I should highlight at this point that in spite of the error, as far as I know BIND was running OK, serving DNS as normal. I can only guess that it had cached copies of the required records or something like that?

Anyway I don't like seeing errors like this in my logs, so...

My initial attempt to solve this problem involved setting named.service to start after network-online.target. Results were mixed. Sometimes there were no errors on reboot, but more often than not the same errors were there.

Then I worked out that network-online.target is based on systemd-networkd-wait-online, which by default only waits until IP addresses are assigned to interfaces. To solve the error above, I needed it to wait for the operational status to become "routable". I was able to achieve this by specifying the following in /etc/systemd/system/named.service.d/override.conf (i.e. file content is between the "-----" lines)

-----
[Unit]
After=network-online.target

[Service]
ExecStartPre=-/lib/systemd/systemd-networkd-wait-online --operational-state=routable --timeout=10 --quiet
-----

Effectively this causes systemd to delay starting named.service until the network interfaces have addresses, and then when it does start named.service, the ExecStartPre line above waits (for up to 10 seconds) until network routes are added before BIND (i.e. /usr/sbin/named) is launched.

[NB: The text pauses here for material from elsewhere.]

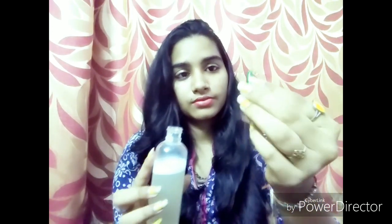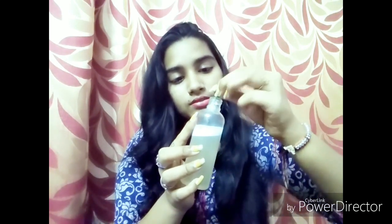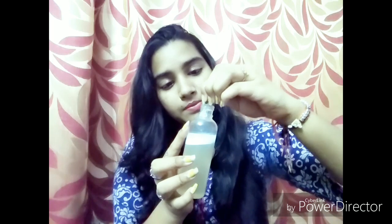Now all I need is a vitamin E capsule. You can see the foam forming. I'm going to add a vitamin E capsule — I've cut the upper part and I'm adding it now. I'm adding only one vitamin E capsule because my hair is already oily, but if you want you can add two. Now I'm going to shake it really well again to mix the vitamin E capsule into the serum.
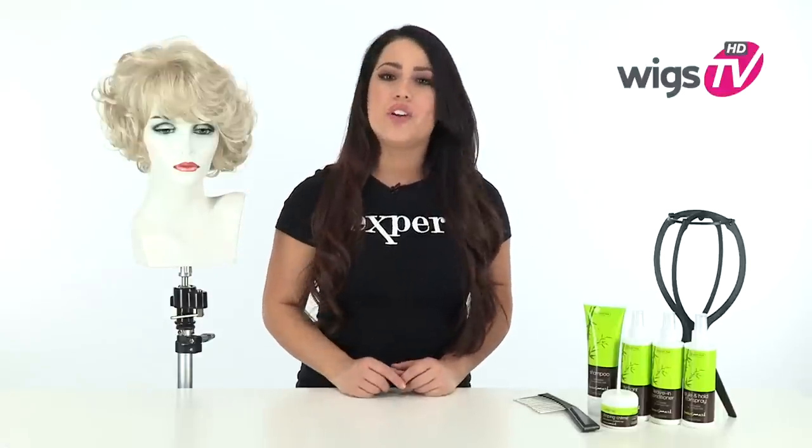It comes in blonde and black, and I'll show you this style straight out of the box so you can see the haircut, and I'll show you the cap construction.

Can I please request that the named.service definition in the bind9 package is updated to include the options above?

Final note: Although this bug would appear to be similar to 1909822 ( https://bugs.launchpad.net/ubuntu/+source/bind9/+bug/1909822 ), the error message I observed is different, and so I've raised this as a separate bug report. Having said that, I suspect the solution that I'm offering above would fix both issues (and would be slightly more optimal than that offered by 1909822).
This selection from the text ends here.